Foto bocah korban pertikaian yang kemudian menyebar dari hampir seluruh media besar dunia itu menjadi pelajaran bagi kita di negeri ini. Karena bukan untuk memperlihatkan sebagai sebuah tontonan untuk menggiring warga dunia membenci orang yang mengunggah foto itu, seorang fotografer. Indonesia selama ini relatif kondusif, mengingat jumlah suku dan agama yang dianut dan 17 ribu lebih pulau bisa saling menjaga. Meski di mana media sosial bisa menyelusup tanpa diminta dan bisa menggoyahkan persaudaraan kita.
Maka, Pesantren Gontor yang baru merayakan 90 tahun, bisa menjadi ujung tombak penangkal jika kita – untuk menyebutkan nama: Emha Ainun Nadjib, Ahmad Fuadi, Nurcholish Madjid (Cak Nur) jebolan Gontor – mempunyai penulis yang bisa dipanutani masyarakat secara luas. Sehingga Cak Nur menjadi representasi, dari keluarga NU dan akrab dengan Muhammadiyah. Lebih luas, bisa disebut: Cak Nur tumbuh menjadi intelektual Muslim yang fasih dalam khasanah tradisi Islam klasik dan literatur modern berbahasa Inggris (Sukidi: Mengenang Cak Nur, Kompas 27 Agustus 2016).
Era media sosial yang gampang dimainkan, hanya bisa dikalahkan oleh pribadi-pribadi tangguh. Sebab, apa yang diunggah di media sosial hal-hal yang singkat, tanpa pendalaman sebagaimana sebuah buku yang secara umum menggunakan referensi dan kepustakaan bahkan kitab-kitab kuno atau bahkan kitab suci.
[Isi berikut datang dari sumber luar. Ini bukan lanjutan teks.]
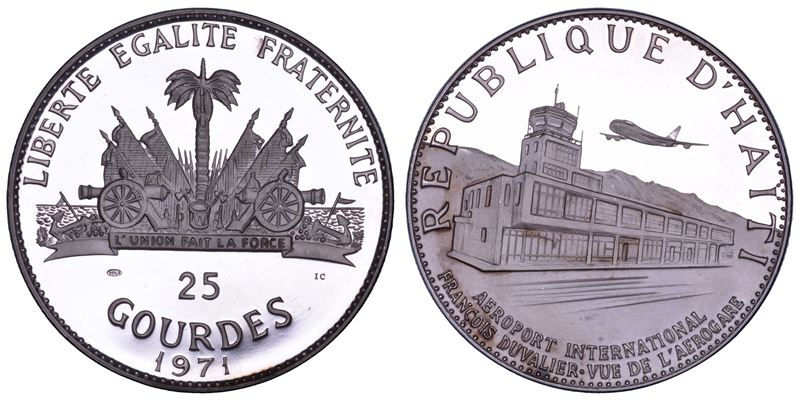 HAITI. 25 Gourdes 1971. Aeroporto internazionale Jean-Claude Duvalier.  - Auction Light Numismatics - Cambi Casa d'Aste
Semisal teks singkat atau bahkan hanya meme yang cenderung vulgar.
Artinya, teks atau gambar yang diunggah oleh tangan-tangan usil dan jahat itu mudah dipatahkan bagi orang yang “biasa membaca” secara koprehensif. Apakah itu teks, alam, dan sosial budaya yang sedang berlangsung. Termasuk, tentu, media sosial yang tidak mendalam, yang lazim diunggah orang usil dan dangkal pemahaman religiusitasnya.